Insomma, anche se i Google Glass sono stati probabilmente uno dei più clamorosi fallimenti della società di Mountain View non è detto che lo siano anche i Ray-Ban Stories. Un lustro nel mondo della tecnologia è pari quasi a un’era geologica, i consumatori cambiano abitudini e opinioni con grande fluidità. Inoltre Facebook sa come stuzzicare l’attenzione dei suoi iscritti. I nuovi occhiali, infatti, si connettono alla nuova app Facebook View, in modo da condividere facilmente (e in tempo reale) il proprio punto di vista, le proprie storie e i propri ricordi con amici e follower. Per essere ancora più attrattiva, l'app Facebook View promette di semplificare l'importazione, la modifica e la condivisione dei contenuti catturati con gli smart glasses sulle app del proprio telefono: Facebook, Instagram, WhatsApp, Messenger, Twitter, Tik-tok, Snapchat e altre ancora. È anche possibile salvare i contenuti nella fotocamera del proprio telefono e da lì, modificarli e condividerli.

Ecco, forse perfino troppo.
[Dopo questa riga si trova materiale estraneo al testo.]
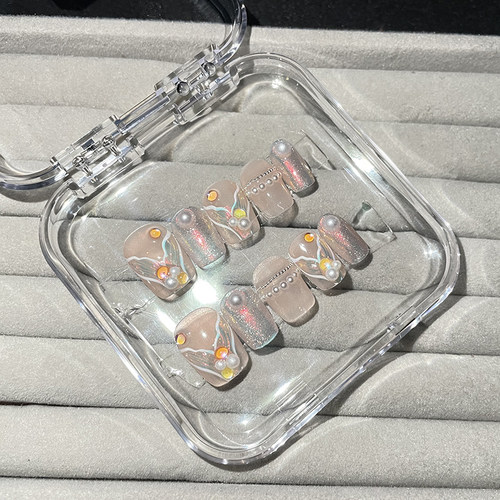 珍珠人鱼冰透纯手工光疗穿戴甲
Nel mercato europeo, più che in quello americano, esiste una particolare attenzione alla privacy che questi occhiali sembrano in grado di compromettere. Facebook ha già messo le mani avanti spiegando che la questione della riservatezza è stata studiata e integrata fin dal lancio: “Per impostazione predefinita, i Ray Ban Stories raccolgono solo i dati necessari al funzionamento ottimale quali, ad esempio, lo stato della batteria per avvisare quando è scarica, l’indirizzo e-mail e la password per l’accesso a Facebook, così da verificare l’identità dell’utente nel momento in cui accede all’app Facebook View, e la connettività WiFi”. Come per altri prodotti, è possibile scegliere di condividere con Facebook ulteriori dati utili allo sviluppo del prodotto e al miglioramento dell’app Facebook View per i futuri aggiornamenti del software. Queste impostazioni possono essere modificate in qualsiasi momento, ma probabilmente non sono rassicurazioni sufficienti per il Garante della Privacy che - il giorno dopo il lancio - ha fatto sapere di aver già scritto all’autorità gemella della Repubblica di Irlanda per avere maggiori notizie: “In riferimento agli smart glasses dotati della funzionalità Facebook View, il Garante per la protezione dei dati personali ha chiesto all’Autorità Garante irlandese (DPC, Data Protection Commission, ndr) di sollecitare FB affinché risponda ad una serie di quesiti prima della commercializzazione degli occhiali sul mercato italiano”. L’Autorità italiana, infatti, si era già attivata nei giorni precedenti presso l’omologo irlandese ponendo una serie di questioni che integravano quelle già oggetto delle interlocuzioni avvenute tra la DPC e il social media. Il Garante italiano intende acquisire elementi ai fini di una valutazione della effettiva corrispondenza del dispositivo alle norme sulla privacy. Ancora una volta, la richiesta fatta a Facebook rimane la stessa: sapere come Zuckerberg tratta i dati personali e quali sono le misure messe in atto per tutelare le persone occasionalmente riprese, in particolare i minori. Chiudiamo con un dubbio ulteriore: sono da educare al rispetto della riservatezza più le società americane o i consumatori italiani? Una domanda a cui probabilmente nessuno, al momento, è capace di dare una risposta univoca e soddisfacente.